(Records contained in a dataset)

__________

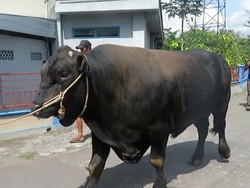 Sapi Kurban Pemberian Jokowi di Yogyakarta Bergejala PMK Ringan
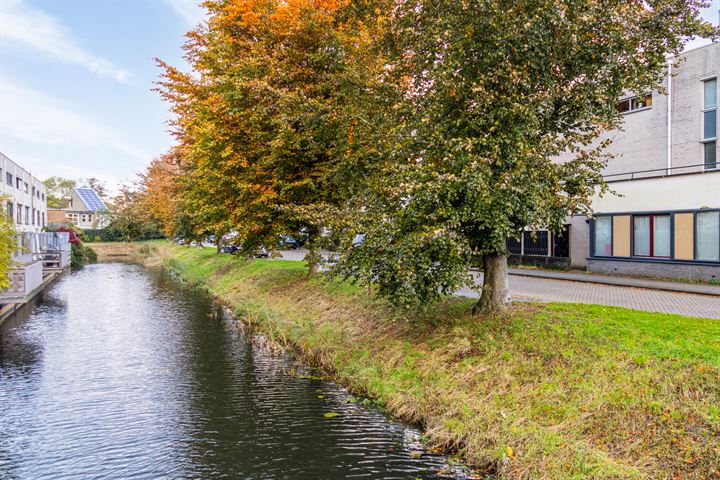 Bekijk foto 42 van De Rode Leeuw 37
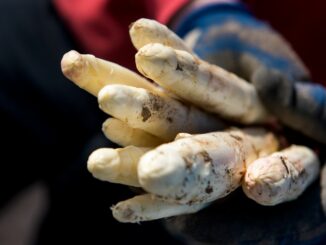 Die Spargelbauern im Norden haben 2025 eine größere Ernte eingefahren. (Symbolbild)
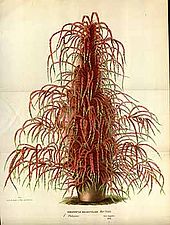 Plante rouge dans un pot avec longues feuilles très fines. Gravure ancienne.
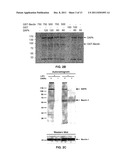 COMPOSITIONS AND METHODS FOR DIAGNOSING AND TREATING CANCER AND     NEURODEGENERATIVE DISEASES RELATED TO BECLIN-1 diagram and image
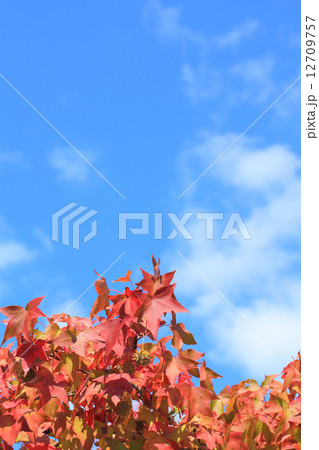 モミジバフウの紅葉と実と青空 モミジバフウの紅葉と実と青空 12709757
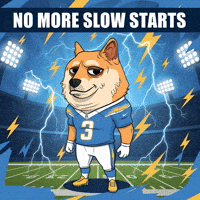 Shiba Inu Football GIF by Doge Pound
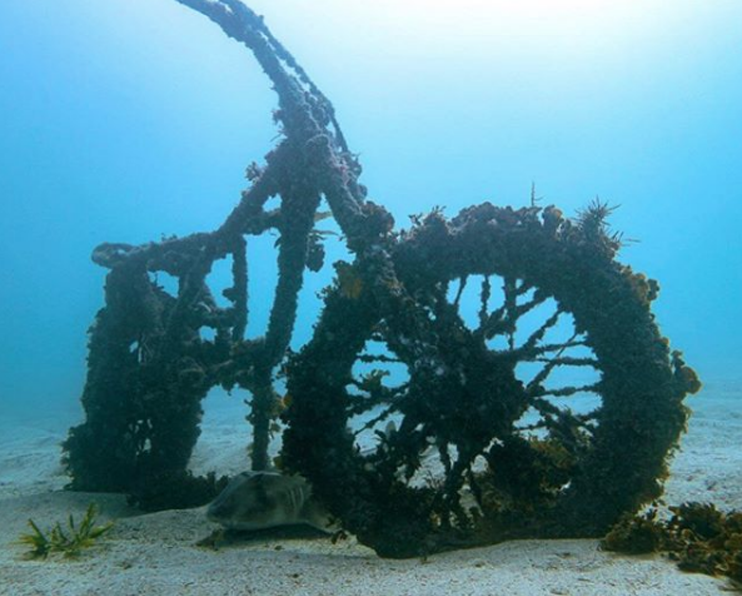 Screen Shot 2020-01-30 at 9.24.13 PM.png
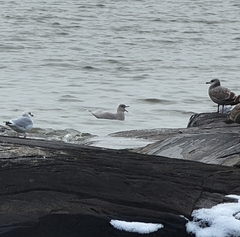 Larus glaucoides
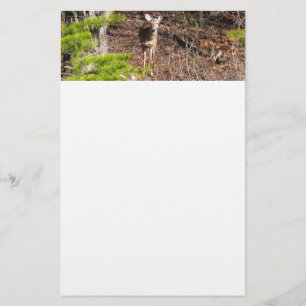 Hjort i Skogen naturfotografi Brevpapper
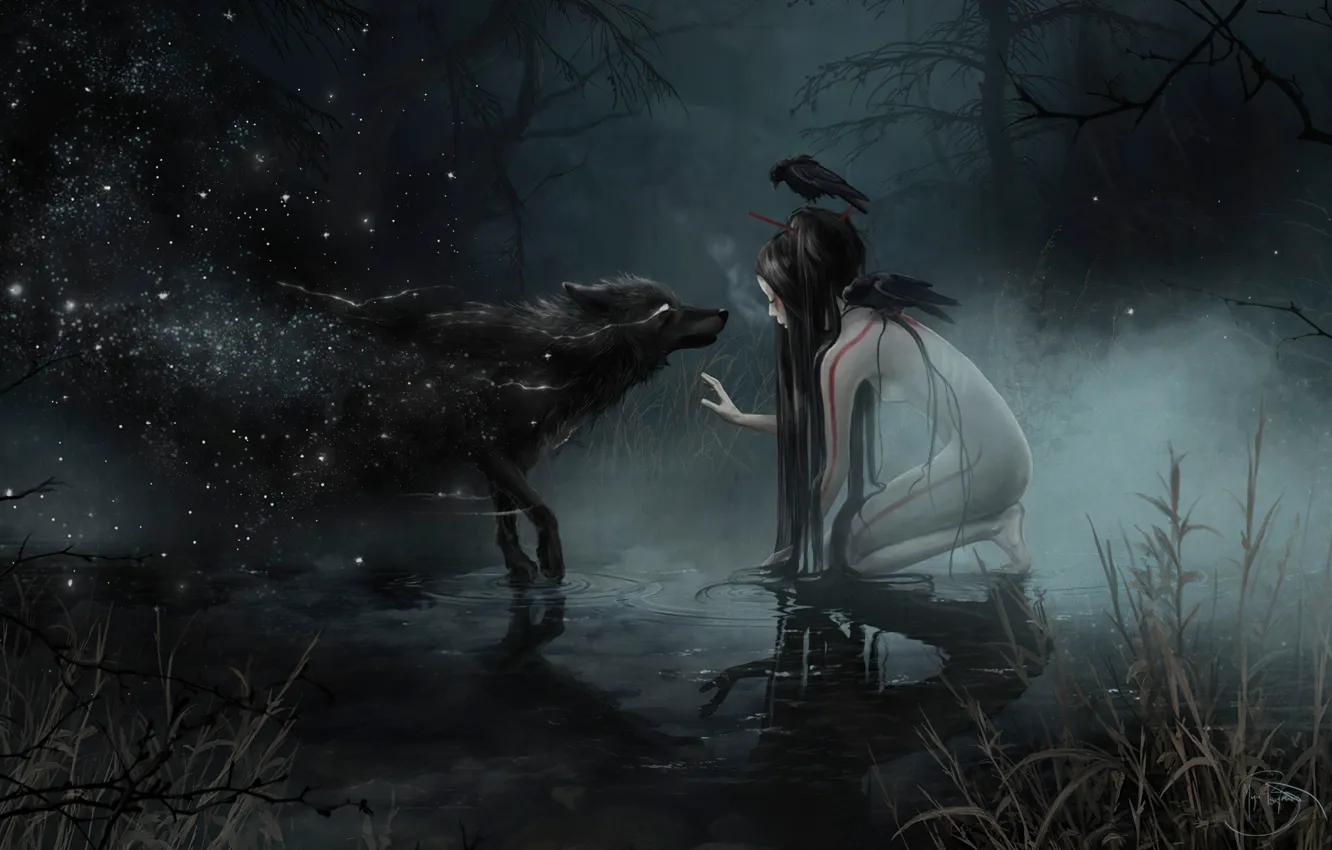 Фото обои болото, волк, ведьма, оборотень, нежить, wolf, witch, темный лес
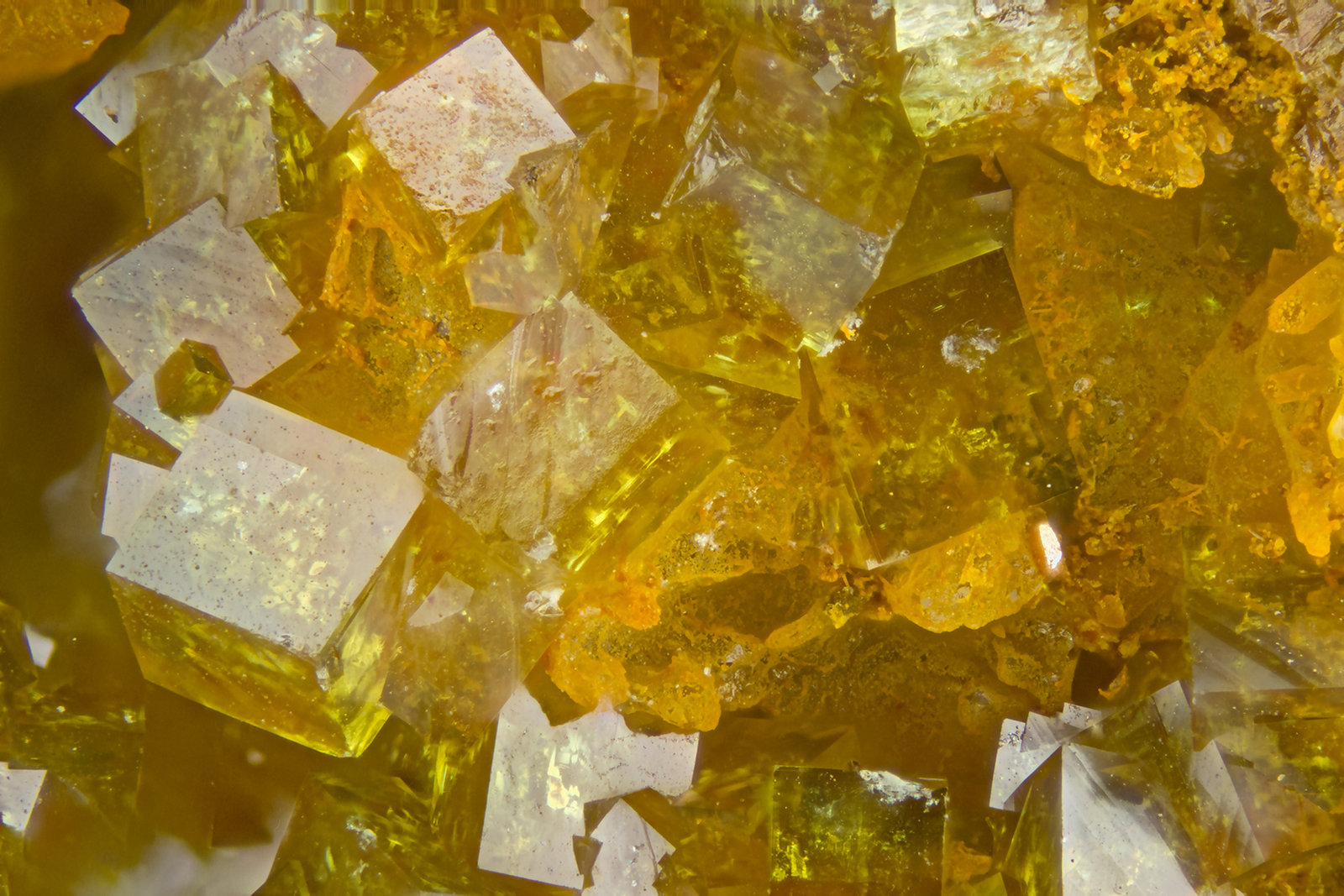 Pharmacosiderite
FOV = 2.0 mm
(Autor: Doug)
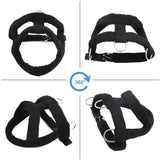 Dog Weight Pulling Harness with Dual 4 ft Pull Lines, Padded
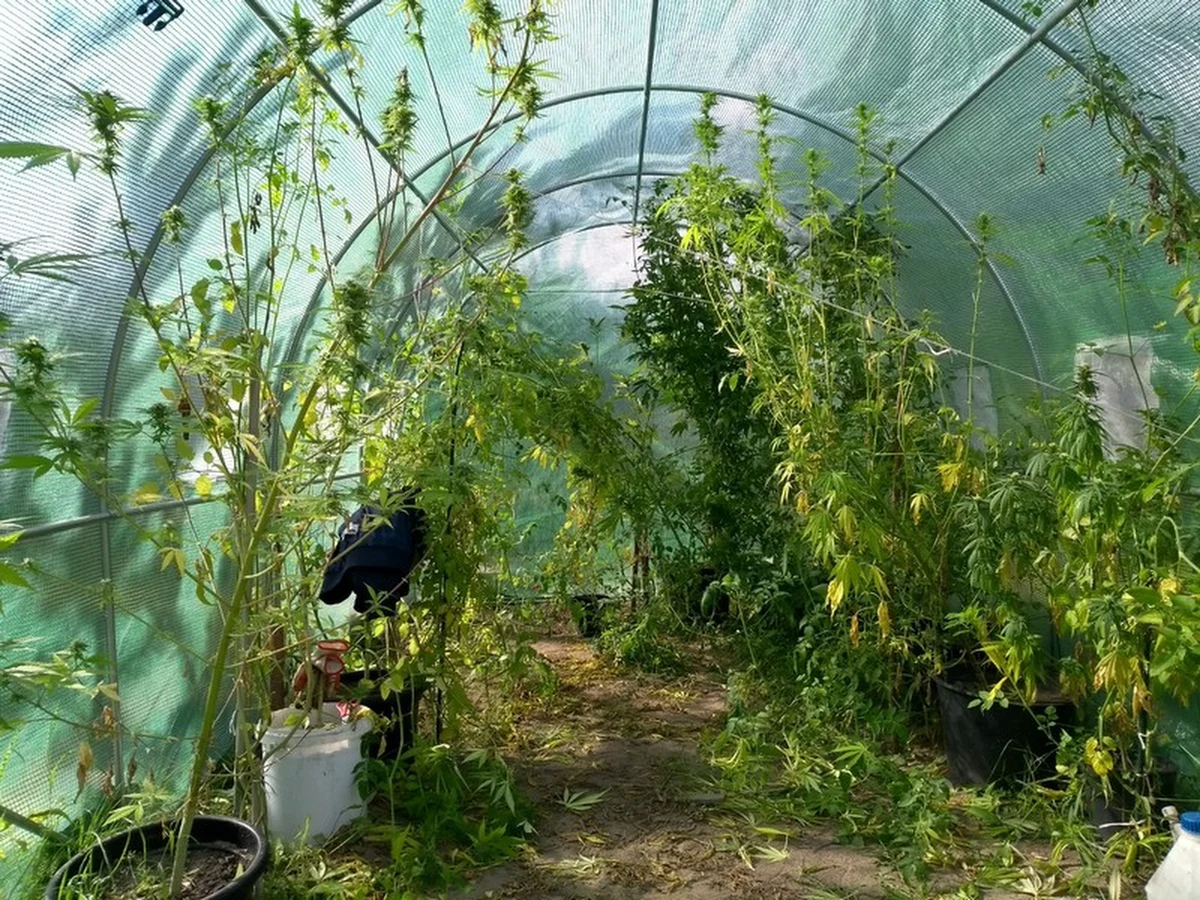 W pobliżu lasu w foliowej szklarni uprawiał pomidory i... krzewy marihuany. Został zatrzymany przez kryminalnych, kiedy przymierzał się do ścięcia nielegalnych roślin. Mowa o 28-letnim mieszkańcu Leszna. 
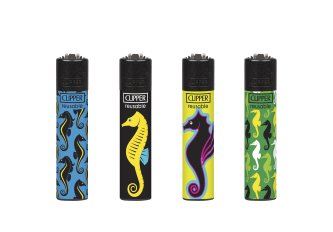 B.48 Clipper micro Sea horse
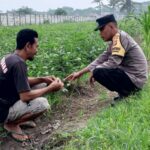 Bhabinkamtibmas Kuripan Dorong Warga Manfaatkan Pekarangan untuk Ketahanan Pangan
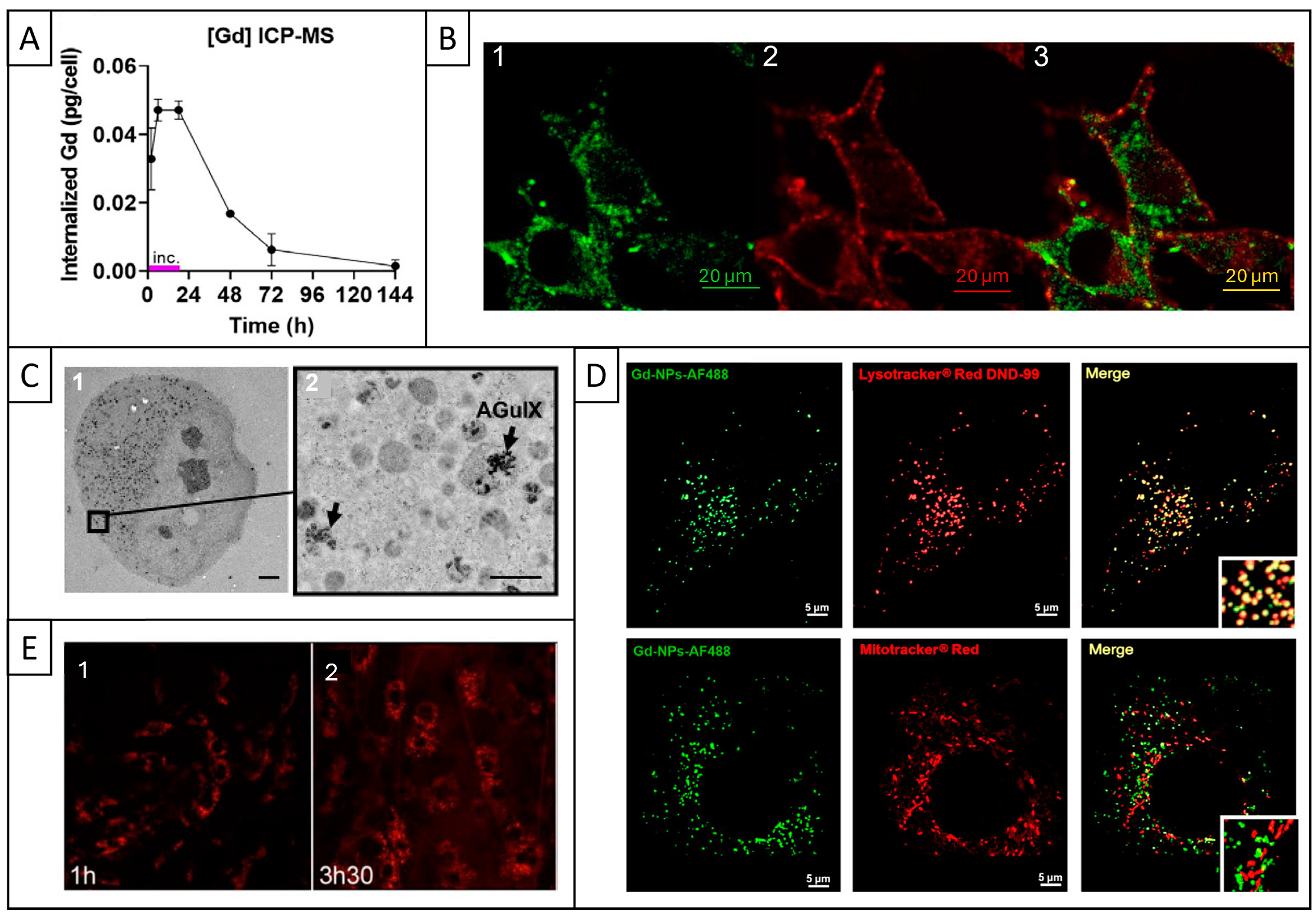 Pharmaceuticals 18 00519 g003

__________

Without the pictures, write out every entry exactly as it appears.

RESULT BELOW:
 Sapi Kurban Pemberian Jokowi di Yogyakarta Bergejala PMK Ringan
 Bekijk foto 42 van De Rode Leeuw 37
 Die Spargelbauern im Norden haben 2025 eine größere Ernte eingefahren. (Symbolbild)
 Plante rouge dans un pot avec longues feuilles très fines. Gravure ancienne.
 COMPOSITIONS AND METHODS FOR DIAGNOSING AND TREATING CANCER AND     NEURODEGENERATIVE DISEASES RELATED TO BECLIN-1 diagram and image
 モミジバフウの紅葉と実と青空 モミジバフウの紅葉と実と青空 12709757
 Shiba Inu Football GIF by Doge Pound
 Screen Shot 2020-01-30 at 9.24.13 PM.png
 Larus glaucoides
 Hjort i Skogen naturfotografi Brevpapper
 Фото обои болото, волк, ведьма, оборотень, нежить, wolf, witch, темный лес
 Pharmacosiderite
FOV = 2.0 mm
(Autor: Doug)
 Dog Weight Pulling Harness with Dual 4 ft Pull Lines, Padded
 W pobliżu lasu w foliowej szklarni uprawiał pomidory i... krzewy marihuany. Został zatrzymany przez kryminalnych, kiedy przymierzał się do ścięcia nielegalnych roślin. Mowa o 28-letnim mieszkańcu Leszna. 
 B.48 Clipper micro Sea horse
 Bhabinkamtibmas Kuripan Dorong Warga Manfaatkan Pekarangan untuk Ketahanan Pangan
 Pharmaceuticals 18 00519 g003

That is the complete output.